She jumped up and trotted to the front of the room.

“You have chocolate sauce on your face.” I scowled.

She blew me a chocolate-covered kiss. “You want to lick it off?”

I froze.

Amy laughed and took another bite of the dessert.

“We are currently organizing invitations,” she told the crowd. “The wedding ceremony will be at the Broughton estate, which does have a maximum capacity, as everyone here should know.”

People started yelling about who was going to be granted an invitation.

“But,” I said, raising my voice and thinking quickly, “the entire event will be livestreamed to Jumbotrons on the town square.”

“It’s going to be a festival,” someone in the crowd yelled.

“No!” I practically shouted.

“Festival!

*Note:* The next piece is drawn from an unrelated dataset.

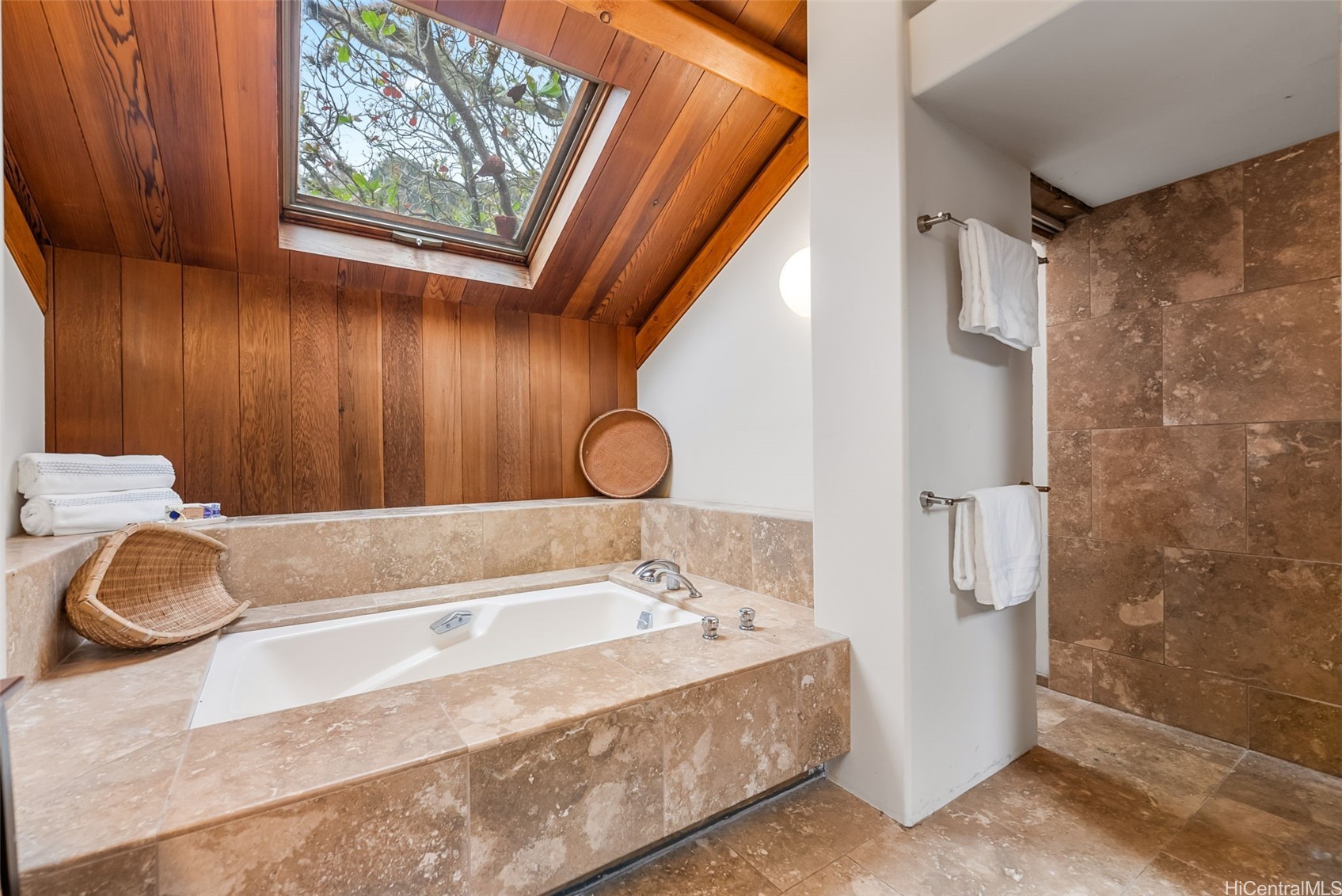 Honolulu, Hawaii, 96817, United States, 2 Bedrooms Bedrooms, ,3 BathroomsBathrooms,Residential,Active,2008694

Festival! Festival!”

Amy joined in the chanting.

“You can’t have a wedding festival,” I protested. “That’s too much, even for Harrogate.”

“It will be a whole weekend event,” Amy said in excitement. “We’ll have competitions and funnel cake and flowers.”

“And everyone has to wear Harrogate colors,” Ida said excitedly.

“No,” Amy said. The Harrogate colors were bright purple and an eye-watering shade of yellow. “Everyone will wear blush colors, like a pink or soft peach. The festival can be the wedding reception. Or…”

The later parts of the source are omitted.